TRY IT: When you copy the entries, keep every word exactly as it stands.

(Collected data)
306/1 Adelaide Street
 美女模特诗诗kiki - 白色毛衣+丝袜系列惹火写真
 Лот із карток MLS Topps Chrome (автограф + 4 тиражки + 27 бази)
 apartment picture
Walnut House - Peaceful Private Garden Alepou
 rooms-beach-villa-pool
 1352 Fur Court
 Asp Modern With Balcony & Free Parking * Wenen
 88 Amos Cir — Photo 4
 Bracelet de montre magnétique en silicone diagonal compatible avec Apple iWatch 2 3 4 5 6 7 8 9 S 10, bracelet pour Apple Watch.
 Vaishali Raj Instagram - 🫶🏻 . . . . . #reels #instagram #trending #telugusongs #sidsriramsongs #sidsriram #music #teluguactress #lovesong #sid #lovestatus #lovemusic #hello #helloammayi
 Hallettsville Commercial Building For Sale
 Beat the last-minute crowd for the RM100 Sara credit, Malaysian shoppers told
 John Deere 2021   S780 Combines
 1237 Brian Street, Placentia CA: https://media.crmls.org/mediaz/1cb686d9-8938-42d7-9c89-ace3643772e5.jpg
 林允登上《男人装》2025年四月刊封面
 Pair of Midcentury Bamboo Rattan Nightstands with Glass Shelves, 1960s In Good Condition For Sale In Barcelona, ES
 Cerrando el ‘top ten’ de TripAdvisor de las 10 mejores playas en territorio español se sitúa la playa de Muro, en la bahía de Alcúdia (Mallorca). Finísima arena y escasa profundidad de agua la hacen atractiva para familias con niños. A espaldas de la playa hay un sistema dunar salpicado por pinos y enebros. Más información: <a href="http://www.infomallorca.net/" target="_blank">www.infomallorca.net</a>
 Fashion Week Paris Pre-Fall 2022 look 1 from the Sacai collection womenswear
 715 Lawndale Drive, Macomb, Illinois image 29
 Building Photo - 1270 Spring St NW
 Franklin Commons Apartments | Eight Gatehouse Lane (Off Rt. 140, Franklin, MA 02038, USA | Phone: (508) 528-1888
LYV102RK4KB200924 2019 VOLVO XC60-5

PROBLEM SOLUTION:
306/1 Adelaide Street
 美女模特诗诗kiki - 白色毛衣+丝袜系列惹火写真
 Лот із карток MLS Topps Chrome (автограф + 4 тиражки + 27 бази)
 apartment picture
Walnut House - Peaceful Private Garden Alepou
 rooms-beach-villa-pool
 1352 Fur Court
 Asp Modern With Balcony & Free Parking * Wenen
 88 Amos Cir — Photo 4
 Bracelet de montre magnétique en silicone diagonal compatible avec Apple iWatch 2 3 4 5 6 7 8 9 S 10, bracelet pour Apple Watch.
 Vaishali Raj Instagram - 🫶🏻 . . . . . #reels #instagram #trending #telugusongs #sidsriramsongs #sidsriram #music #teluguactress #lovesong #sid #lovestatus #lovemusic #hello #helloammayi
 Hallettsville Commercial Building For Sale
 Beat the last-minute crowd for the RM100 Sara credit, Malaysian shoppers told
 John Deere 2021   S780 Combines
 1237 Brian Street, Placentia CA: https://media.crmls.org/mediaz/1cb686d9-8938-42d7-9c89-ace3643772e5.jpg
 林允登上《男人装》2025年四月刊封面
 Pair of Midcentury Bamboo Rattan Nightstands with Glass Shelves, 1960s In Good Condition For Sale In Barcelona, ES
 Cerrando el ‘top ten’ de TripAdvisor de las 10 mejores playas en territorio español se sitúa la playa de Muro, en la bahía de Alcúdia (Mallorca). Finísima arena y escasa profundidad de agua la hacen atractiva para familias con niños. A espaldas de la playa hay un sistema dunar salpicado por pinos y enebros. Más información: <a href="http://www.infomallorca.net/" target="_blank">www.infomallorca.net</a>
 Fashion Week Paris Pre-Fall 2022 look 1 from the Sacai collection womenswear
 715 Lawndale Drive, Macomb, Illinois image 29
 Building Photo - 1270 Spring St NW
 Franklin Commons Apartments | Eight Gatehouse Lane (Off Rt. 140, Franklin, MA 02038, USA | Phone: (508) 528-1888
LYV102RK4KB200924 2019 VOLVO XC60-5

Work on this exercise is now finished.